My requirement is to
- Move data from Oracle to HDFS
- Process the data on HDFS
- Move processed data to Teradata.
It is also required to do this entire processing every 15 minutes. The volume of source data may be close to 50 GB and the processed data also may be the same.
After searching a lot on the internet, i found that
- ORAOOP to move data from Oracle to HDFS (Have the code withing the shell script and schedule it to run at the required interval).
- Do large scale processing either by Custom MapReduce or Hive or PIG.
- SQOOP - Teradata Connector to move data from HDFS to Teradata (again have a shell script with the code and then schedule it).
Is this the right option in the first place and is this feasible for the required time period (Please note that this is not the daily batch or so)?
Other options that i found are the following
- STORM (for real time data processing). But i am not able to find the oracle Spout or Teradata bolt out of the box.
- Any open source ETL tools like Talend or Pentaho.
Please share your thoughts on these options as well and any other possibilities.
Looks like you have several questions so let's try to break it down.
It seems you are looking for Sqoop. Sqoop is a tool that lets you easily transfer data in/out of HDFS, and can connect to various databases including Oracle natively. Sqoop is compatible with the Oracle JDBC thin driver. Here is how you would transfer from Oracle to HDFS:
sqoop import --connect jdbc:oracle:thin@myhost:1521/db --username xxx --password yyy --table tbl --target-dir /path/to/dir
For more information: here and here. Note than you can also import directly into a Hive table with Sqoop which could be convenient to do your analysis.

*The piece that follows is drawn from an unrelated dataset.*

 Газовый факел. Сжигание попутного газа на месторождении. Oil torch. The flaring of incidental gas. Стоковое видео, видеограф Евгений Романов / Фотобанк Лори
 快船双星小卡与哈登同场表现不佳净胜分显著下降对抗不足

As you noted, since your data initially is relational, it is a good idea to use Hive to do your analysis since you might be more familiar with SQL-like syntax. Pig is more pure relational algebra and the syntax is NOT SQL-like, it is more a matter of preference but both approaches should work fine.

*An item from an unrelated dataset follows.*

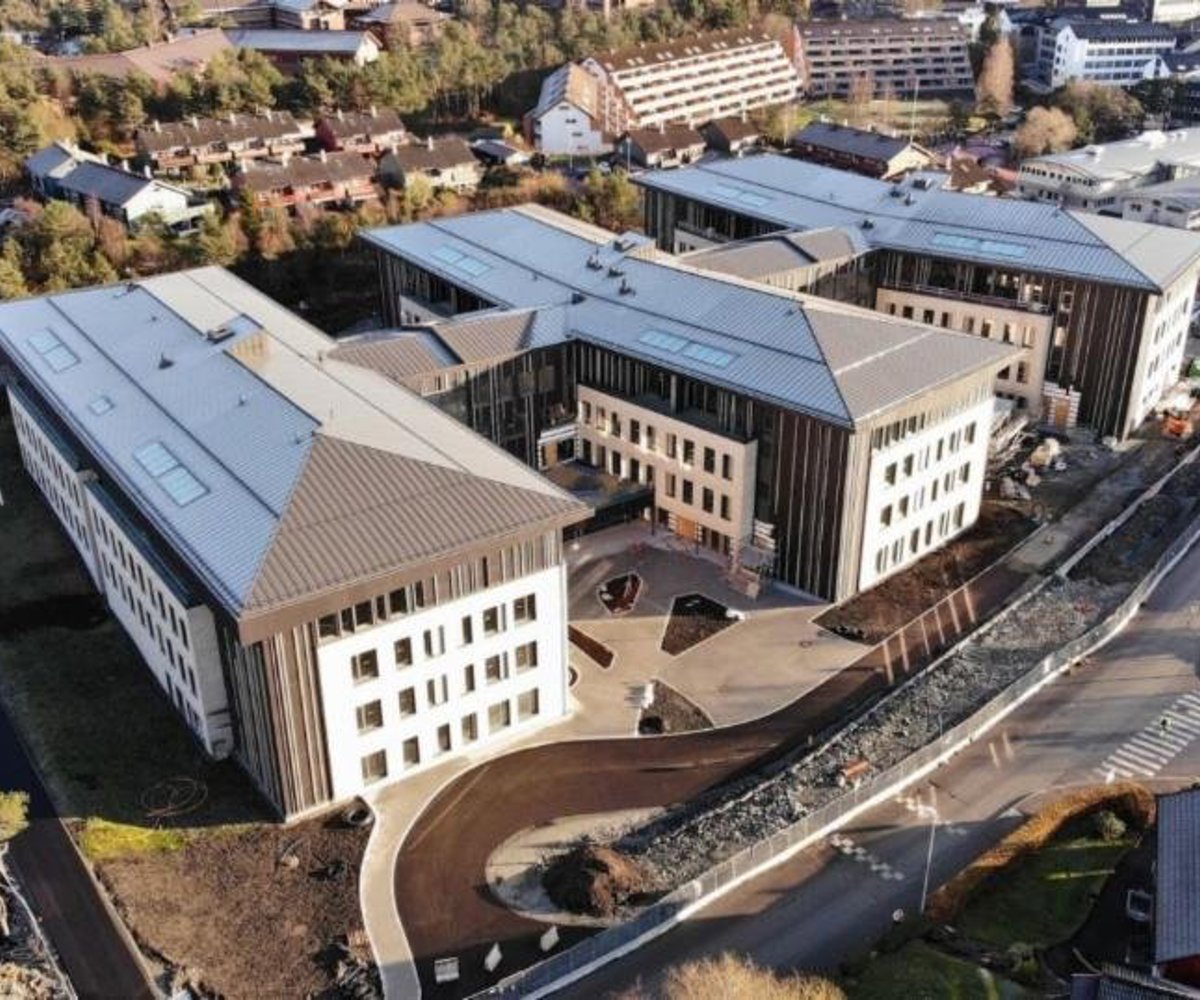 9Ef9c060 Daf7 4323 924C 2191Bbab1a19 (1)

Since you can import data into Hive directly with Sqoop, your data should be directly ready to be processed after it is imported.
In Hive you could run your query and tell it to write the results in HDFS:
hive -e "insert overwrite directory '/path/to/output' select * from mytable ..."
Cloudera released last year a connector for Teradata for Sqoop as described here, so you should take a look as this looks like exactly what you want. Here is how you would do it:
sqoop export --connect jdbc:teradata://localhost/DATABASE=MY_BASE --username sqooptest --password xxxxx --table MY_DATA --export-dir /path/to/hive/output
The whole thing is definitely doable in whatever time period you want, in the end what will matter is the size of your cluster, if you want it quick then scale your cluster up as needed. The good thing with Hive and Sqoop is that processing will be distributed in your cluster, so you have total control over the schedule.